Version imprimable Je penche donc je fuis




"C'est beau l'Océan, mais que de terrain perdu!"

Maupassant, in "Monnier"



On se dit c'est ben triste, va.. Tous ces gens qui ont des catastrophes en veux-tu en voila, que je te massacre au Congo/Guinée/ailleurs, que je t'opprime en Birmanie/Corée du Nord/Zimbabwe, que je te mets des bombes antifoule en Irak/Afghanistan/Pakistan/ailleurs, que je te crève de faim en Ethiopie/Corée du Nord (encore?)/Zimbabwe(encore?)/ailleurs et que je te secoue la terre en Haïti/Indonésie/etc.
Sans parler de la police politique, la terreur, les tortures, l'arbitraire, les clowns, etc etc.

Ce qui fait dire à certains que puisque nous vivons dans une société si mieux meilleure si bien bonne, on n'a aucune raison de restreinde cette surveillance qui nous protège: vivent les caméras dans la rue, les contrôles faciès, Loppsi,les scans intégraux et les profilages.

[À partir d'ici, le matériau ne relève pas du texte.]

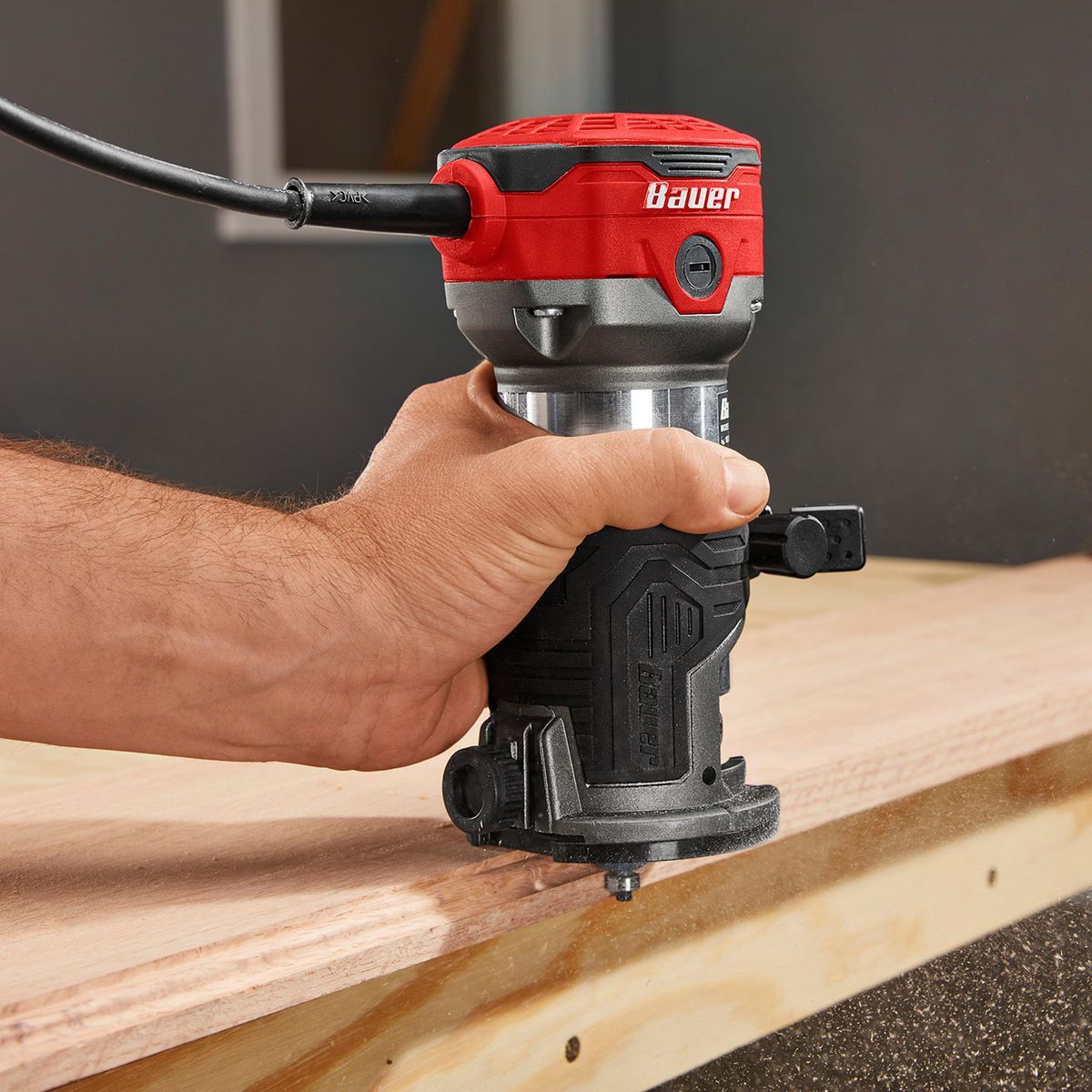 Enrutador compacto de velocidad variable Bauer de 6.5 amperios - 58253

du genre, j'ai rien à cacher

Parce que nous, t'vois,qu'est-ce qu'on a comme cata? la crise.. Que dalle, quoi.
Et encore on appelle ça la Crise avec un grand c comme dans Cul et Chemise pour faire bien, mais au bout du compte chacun prend sa bagnole pour pointer au chômage une fois lancé le programme de la machine à laver/lave-vaisselle/four/enregistreur DVD.
Comment ça se fait qu'on est si bien si heureux?
Si libres.
C'est qu'on est en plein Droits de l'Homme, qu'on vote, qu'on est républicains, civilisés depuis avant tout le monde toujours longtemps un moment et qu'on le saurait si on était, heu..muselés.

Une société éclairée, une démocratie ouverte.
Comme nous.
Cette administration de nos vies qui nous permet toujours d'envisager l'impossible, grâce à l'égalité des chances, que y a pas à dire c'est pas pareil partout mais ici, si: il suffit de connaître quelqu'un.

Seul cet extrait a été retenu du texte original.